Perché ha preso a cuore questa causa?
«Provengo dalla cultura ebraica e proprio partendo dall’aggressività nei confronti dello straniero, di colui che è considerato diverso, ho voluto dare vita ad uno spettacolo che parte dalla sorte tragica e comune che ha legato il popolo ebraico e quello rom. Si tratta, infatti, di popoli senza terra, equivocati, perseguitati e infine, sterminati. Tuttavia ai rom è toccato in sorte un destino diverso e ancora oggi i rom e i sinti sono rimasti nel cono d’ombra della calunnia. Pensate che ben il 65% dei rom in Italia sono cittadini italiani, ciononostante vengono discriminati in modo inaccettabile semplicemente perché l’alterità viene considerata un ostacolo, un pericolo. Spesso sento dire “loro non sono come noi”, ma perché mai dovrebbero esserlo?».
Eppure anche gli italiani furono duramente discriminati…
«Esattamente.

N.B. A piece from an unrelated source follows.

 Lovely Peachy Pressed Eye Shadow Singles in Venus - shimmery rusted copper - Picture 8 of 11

Ben 900 italiani vennero linciati negli Stati Uniti durante gli anni della massiccia emigrazione, come denuncia Gian Antonio Stella, ma pochi lo ricordano. Avremmo molto da imparare da questa sorte comune e nel mio spettacolo parto dalle vicende del popolo rom per spaziare su tante storie di discriminazione presenti ma anche passate. Sono abbastanza grande per ricordare quando sulle mura delle città del nord c’era scritto “via i meridionali” e anche lì sentivo dire le stesse cose, “loro non sono come noi”. La discriminazione è una pestilenza che colpisce tutti ma rom e sinti non hanno una nazione che li difende».
Secondo lei, l’Italia è un paese razzista?

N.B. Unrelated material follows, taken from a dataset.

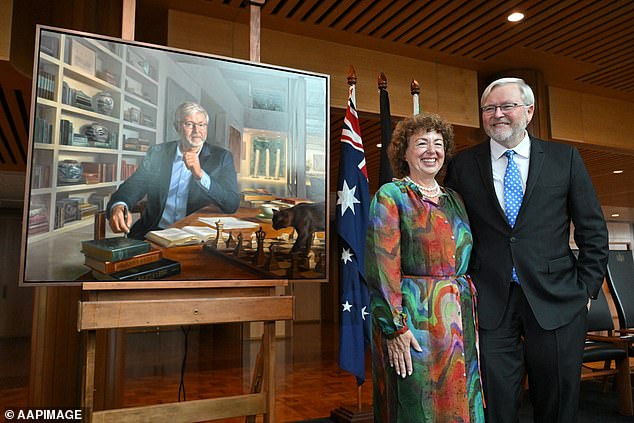 Kevin Rudd adds to his fortune by parachuting into $700,000 job after ...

«Ci sono forti sacche di intolleranza e razzismo, la differenza è che oggi i razzisti cominciano le frasi dicendo “io non sono razzista, però…”. Però cosa? Sono nato nel 1946 e nel tempo ho troppo spesso sentito dire “io non sono antisemita, però gli ebrei…”. Anche il comportamento dei politici non aiuta, difatti quando vanno al lager di Auschwitz, si mettono lo zucchetto e quando escono dicono sempre, “mi sento israeliano”. Ma cosa vuol dire? Cosa c’entra? In quel lager sono stati sterminati ebrei, rom, sinti, omosessuali, menomati eppure mai nessun politico ha detto, “mi sento rom”. Non lo dicono perché hanno paura di perdere i voti e tutto si riduce a bieca demagogia».
Presto tornerà in libreria con “Madre dignità”. Di cosa si tratta?

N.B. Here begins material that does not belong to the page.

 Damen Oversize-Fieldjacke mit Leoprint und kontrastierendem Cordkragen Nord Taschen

«Credo che il concetto di dignità sia la madre dei diritti e senza il recupero della dignità, la sua giusta valorizzazione in seno alla società, i diritti stessi risultano sterili, svuotati. Sono convinto che un uomo possa essere privato di alcuni diritti, per esempio a causa di un crimine, ma nessuno e per nessun motivo, può privarlo della dignità, fosse anche il peggiore dei criminali nazisti, poiché essa è intrinseca all’uomo e si trova alla base della nostra società civile».
La spaventano le derive xenofobe che sono emerse in Grecia e Francia o sono figlie della crisi economica?
«Sicuramente sono fenomeni che vengono enfatizzati e sono proiezioni della recessione economica. Non ho paura ma credo che queste derive vadano combattute con fermezza, senza abbassare mai la guardia, generazione dopo generazione».
A proposito dell’importanza della memoria, teme che il negazionismo possa tornare a colpire ancora?
«Il negazionista della Shoah tornerà sempre alla carica, perché è semplicemente un antisemita, del resto hanno persino detto che i filmati realizzati all’apertura dei campi di sterminio erano stati realizzati ad Hollywood con fini propagandistici. Solo se costruiremo una società basata sul diritto universale saremo davvero tutti al sicuro».